Dataset excerpts:
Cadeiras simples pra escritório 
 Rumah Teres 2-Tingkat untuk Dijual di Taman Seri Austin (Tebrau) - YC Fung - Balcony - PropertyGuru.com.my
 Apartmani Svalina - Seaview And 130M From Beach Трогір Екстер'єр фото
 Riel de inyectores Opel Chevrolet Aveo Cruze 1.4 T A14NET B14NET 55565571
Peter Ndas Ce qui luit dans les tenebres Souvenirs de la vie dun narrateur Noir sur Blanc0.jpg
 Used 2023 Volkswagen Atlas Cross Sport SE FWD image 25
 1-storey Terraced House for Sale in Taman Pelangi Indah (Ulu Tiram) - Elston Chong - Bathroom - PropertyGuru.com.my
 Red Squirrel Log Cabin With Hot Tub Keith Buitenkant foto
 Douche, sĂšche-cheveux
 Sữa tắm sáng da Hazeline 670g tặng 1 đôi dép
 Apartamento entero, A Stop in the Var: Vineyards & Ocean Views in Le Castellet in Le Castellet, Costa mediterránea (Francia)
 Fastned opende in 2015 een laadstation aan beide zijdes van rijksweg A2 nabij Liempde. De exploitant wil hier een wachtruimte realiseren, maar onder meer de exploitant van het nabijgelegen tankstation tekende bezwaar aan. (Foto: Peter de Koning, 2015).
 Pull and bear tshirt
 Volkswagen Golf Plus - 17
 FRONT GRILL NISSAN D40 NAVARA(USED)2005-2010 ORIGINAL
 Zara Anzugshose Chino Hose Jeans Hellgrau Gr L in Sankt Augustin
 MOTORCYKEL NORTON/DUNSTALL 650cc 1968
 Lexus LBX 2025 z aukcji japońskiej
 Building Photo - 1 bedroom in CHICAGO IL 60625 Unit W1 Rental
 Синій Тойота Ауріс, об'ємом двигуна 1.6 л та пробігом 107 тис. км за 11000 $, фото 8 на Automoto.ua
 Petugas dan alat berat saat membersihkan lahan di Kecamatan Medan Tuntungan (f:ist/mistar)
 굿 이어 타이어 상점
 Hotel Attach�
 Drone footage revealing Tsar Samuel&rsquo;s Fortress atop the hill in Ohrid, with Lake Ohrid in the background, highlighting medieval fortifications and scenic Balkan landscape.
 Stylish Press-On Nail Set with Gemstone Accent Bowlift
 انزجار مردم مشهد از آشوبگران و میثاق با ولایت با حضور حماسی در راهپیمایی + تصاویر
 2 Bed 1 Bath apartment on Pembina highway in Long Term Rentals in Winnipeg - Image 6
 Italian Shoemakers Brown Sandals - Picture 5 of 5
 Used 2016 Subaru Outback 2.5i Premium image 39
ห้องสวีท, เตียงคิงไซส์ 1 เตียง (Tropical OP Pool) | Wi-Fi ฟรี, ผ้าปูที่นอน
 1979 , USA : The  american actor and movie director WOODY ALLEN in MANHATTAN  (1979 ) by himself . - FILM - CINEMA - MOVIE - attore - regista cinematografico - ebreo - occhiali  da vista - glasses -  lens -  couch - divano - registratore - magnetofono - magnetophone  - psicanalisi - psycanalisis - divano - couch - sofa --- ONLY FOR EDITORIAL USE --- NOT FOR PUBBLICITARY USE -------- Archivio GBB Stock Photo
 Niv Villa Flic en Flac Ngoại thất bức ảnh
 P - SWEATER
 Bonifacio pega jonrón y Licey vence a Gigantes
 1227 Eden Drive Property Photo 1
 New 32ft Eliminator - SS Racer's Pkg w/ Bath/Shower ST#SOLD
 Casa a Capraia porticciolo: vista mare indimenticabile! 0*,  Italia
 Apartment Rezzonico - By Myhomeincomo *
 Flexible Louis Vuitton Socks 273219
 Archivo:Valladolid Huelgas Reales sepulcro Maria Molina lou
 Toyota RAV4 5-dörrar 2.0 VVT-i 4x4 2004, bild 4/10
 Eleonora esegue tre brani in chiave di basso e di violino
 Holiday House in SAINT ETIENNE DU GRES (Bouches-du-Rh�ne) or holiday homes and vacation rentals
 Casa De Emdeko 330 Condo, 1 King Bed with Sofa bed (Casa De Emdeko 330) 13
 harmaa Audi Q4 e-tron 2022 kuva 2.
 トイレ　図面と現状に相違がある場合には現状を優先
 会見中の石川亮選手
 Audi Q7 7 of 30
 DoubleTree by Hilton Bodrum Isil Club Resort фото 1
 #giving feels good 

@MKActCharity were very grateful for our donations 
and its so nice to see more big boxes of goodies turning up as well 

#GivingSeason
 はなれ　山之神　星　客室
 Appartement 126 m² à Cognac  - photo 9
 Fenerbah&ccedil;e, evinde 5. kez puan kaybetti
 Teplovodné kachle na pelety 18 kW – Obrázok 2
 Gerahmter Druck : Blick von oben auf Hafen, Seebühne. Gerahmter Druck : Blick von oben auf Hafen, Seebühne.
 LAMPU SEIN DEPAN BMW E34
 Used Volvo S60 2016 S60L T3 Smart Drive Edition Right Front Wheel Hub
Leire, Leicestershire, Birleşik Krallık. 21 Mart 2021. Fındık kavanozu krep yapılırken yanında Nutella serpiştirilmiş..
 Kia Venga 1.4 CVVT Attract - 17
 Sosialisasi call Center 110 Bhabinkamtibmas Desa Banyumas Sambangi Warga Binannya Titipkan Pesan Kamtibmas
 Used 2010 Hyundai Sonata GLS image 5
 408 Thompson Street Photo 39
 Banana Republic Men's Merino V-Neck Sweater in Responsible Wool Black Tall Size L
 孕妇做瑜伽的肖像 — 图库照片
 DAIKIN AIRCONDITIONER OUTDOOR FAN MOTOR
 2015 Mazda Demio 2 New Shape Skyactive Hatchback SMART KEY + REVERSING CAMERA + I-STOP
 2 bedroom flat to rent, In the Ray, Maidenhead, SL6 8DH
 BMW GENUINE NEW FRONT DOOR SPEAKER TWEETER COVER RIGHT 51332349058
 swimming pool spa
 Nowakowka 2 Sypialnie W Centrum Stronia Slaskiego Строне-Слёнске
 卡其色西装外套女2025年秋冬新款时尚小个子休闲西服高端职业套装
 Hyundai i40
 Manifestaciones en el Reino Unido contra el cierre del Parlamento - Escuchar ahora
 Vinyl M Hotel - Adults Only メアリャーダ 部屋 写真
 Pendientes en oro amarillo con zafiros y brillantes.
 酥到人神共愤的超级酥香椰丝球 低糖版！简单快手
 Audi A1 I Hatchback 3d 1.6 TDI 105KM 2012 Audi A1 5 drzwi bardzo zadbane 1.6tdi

Exercise aim
Repeat the data in full. Nothing may be dropped or altered.

Answer to the exercise
Cadeiras simples pra escritório 
 Rumah Teres 2-Tingkat untuk Dijual di Taman Seri Austin (Tebrau) - YC Fung - Balcony - PropertyGuru.com.my
 Apartmani Svalina - Seaview And 130M From Beach Трогір Екстер'єр фото
 Riel de inyectores Opel Chevrolet Aveo Cruze 1.4 T A14NET B14NET 55565571
Peter Ndas Ce qui luit dans les tenebres Souvenirs de la vie dun narrateur Noir sur Blanc0.jpg
 Used 2023 Volkswagen Atlas Cross Sport SE FWD image 25
 1-storey Terraced House for Sale in Taman Pelangi Indah (Ulu Tiram) - Elston Chong - Bathroom - PropertyGuru.com.my
 Red Squirrel Log Cabin With Hot Tub Keith Buitenkant foto
 Douche, sĂšche-cheveux
 Sữa tắm sáng da Hazeline 670g tặng 1 đôi dép
 Apartamento entero, A Stop in the Var: Vineyards & Ocean Views in Le Castellet in Le Castellet, Costa mediterránea (Francia)
 Fastned opende in 2015 een laadstation aan beide zijdes van rijksweg A2 nabij Liempde. De exploitant wil hier een wachtruimte realiseren, maar onder meer de exploitant van het nabijgelegen tankstation tekende bezwaar aan. (Foto: Peter de Koning, 2015).
 Pull and bear tshirt
 Volkswagen Golf Plus - 17
 FRONT GRILL NISSAN D40 NAVARA(USED)2005-2010 ORIGINAL
 Zara Anzugshose Chino Hose Jeans Hellgrau Gr L in Sankt Augustin
 MOTORCYKEL NORTON/DUNSTALL 650cc 1968
 Lexus LBX 2025 z aukcji japońskiej
 Building Photo - 1 bedroom in CHICAGO IL 60625 Unit W1 Rental
 Синій Тойота Ауріс, об'ємом двигуна 1.6 л та пробігом 107 тис. км за 11000 $, фото 8 на Automoto.ua
 Petugas dan alat berat saat membersihkan lahan di Kecamatan Medan Tuntungan (f:ist/mistar)
 굿 이어 타이어 상점
 Hotel Attach�
 Drone footage revealing Tsar Samuel&rsquo;s Fortress atop the hill in Ohrid, with Lake Ohrid in the background, highlighting medieval fortifications and scenic Balkan landscape.
 Stylish Press-On Nail Set with Gemstone Accent Bowlift
 انزجار مردم مشهد از آشوبگران و میثاق با ولایت با حضور حماسی در راهپیمایی + تصاویر
 2 Bed 1 Bath apartment on Pembina highway in Long Term Rentals in Winnipeg - Image 6
 Italian Shoemakers Brown Sandals - Picture 5 of 5
 Used 2016 Subaru Outback 2.5i Premium image 39
ห้องสวีท, เตียงคิงไซส์ 1 เตียง (Tropical OP Pool) | Wi-Fi ฟรี, ผ้าปูที่นอน
 1979 , USA : The  american actor and movie director WOODY ALLEN in MANHATTAN  (1979 ) by himself . - FILM - CINEMA - MOVIE - attore - regista cinematografico - ebreo - occhiali  da vista - glasses -  lens -  couch - divano - registratore - magnetofono - magnetophone  - psicanalisi - psycanalisis - divano - couch - sofa --- ONLY FOR EDITORIAL USE --- NOT FOR PUBBLICITARY USE -------- Archivio GBB Stock Photo
 Niv Villa Flic en Flac Ngoại thất bức ảnh
 P - SWEATER
 Bonifacio pega jonrón y Licey vence a Gigantes
 1227 Eden Drive Property Photo 1
 New 32ft Eliminator - SS Racer's Pkg w/ Bath/Shower ST#SOLD
 Casa a Capraia porticciolo: vista mare indimenticabile! 0*,  Italia
 Apartment Rezzonico - By Myhomeincomo *
 Flexible Louis Vuitton Socks 273219
 Archivo:Valladolid Huelgas Reales sepulcro Maria Molina lou
 Toyota RAV4 5-dörrar 2.0 VVT-i 4x4 2004, bild 4/10
 Eleonora esegue tre brani in chiave di basso e di violino
 Holiday House in SAINT ETIENNE DU GRES (Bouches-du-Rh�ne) or holiday homes and vacation rentals
 Casa De Emdeko 330 Condo, 1 King Bed with Sofa bed (Casa De Emdeko 330) 13
 harmaa Audi Q4 e-tron 2022 kuva 2.
 トイレ　図面と現状に相違がある場合には現状を優先
 会見中の石川亮選手
 Audi Q7 7 of 30
 DoubleTree by Hilton Bodrum Isil Club Resort фото 1
 #giving feels good 

@MKActCharity were very grateful for our donations 
and its so nice to see more big boxes of goodies turning up as well 

#GivingSeason
 はなれ　山之神　星　客室
 Appartement 126 m² à Cognac  - photo 9
 Fenerbah&ccedil;e, evinde 5. kez puan kaybetti
 Teplovodné kachle na pelety 18 kW – Obrázok 2
 Gerahmter Druck : Blick von oben auf Hafen, Seebühne. Gerahmter Druck : Blick von oben auf Hafen, Seebühne.
 LAMPU SEIN DEPAN BMW E34
 Used Volvo S60 2016 S60L T3 Smart Drive Edition Right Front Wheel Hub
Leire, Leicestershire, Birleşik Krallık. 21 Mart 2021. Fındık kavanozu krep yapılırken yanında Nutella serpiştirilmiş..
 Kia Venga 1.4 CVVT Attract - 17
 Sosialisasi call Center 110 Bhabinkamtibmas Desa Banyumas Sambangi Warga Binannya Titipkan Pesan Kamtibmas
 Used 2010 Hyundai Sonata GLS image 5
 408 Thompson Street Photo 39
 Banana Republic Men's Merino V-Neck Sweater in Responsible Wool Black Tall Size L
 孕妇做瑜伽的肖像 — 图库照片
 DAIKIN AIRCONDITIONER OUTDOOR FAN MOTOR
 2015 Mazda Demio 2 New Shape Skyactive Hatchback SMART KEY + REVERSING CAMERA + I-STOP
 2 bedroom flat to rent, In the Ray, Maidenhead, SL6 8DH
 BMW GENUINE NEW FRONT DOOR SPEAKER TWEETER COVER RIGHT 51332349058
 swimming pool spa
 Nowakowka 2 Sypialnie W Centrum Stronia Slaskiego Строне-Слёнске
 卡其色西装外套女2025年秋冬新款时尚小个子休闲西服高端职业套装
 Hyundai i40
 Manifestaciones en el Reino Unido contra el cierre del Parlamento - Escuchar ahora
 Vinyl M Hotel - Adults Only メアリャーダ 部屋 写真
 Pendientes en oro amarillo con zafiros y brillantes.
 酥到人神共愤的超级酥香椰丝球 低糖版！简单快手
 Audi A1 I Hatchback 3d 1.6 TDI 105KM 2012 Audi A1 5 drzwi bardzo zadbane 1.6tdi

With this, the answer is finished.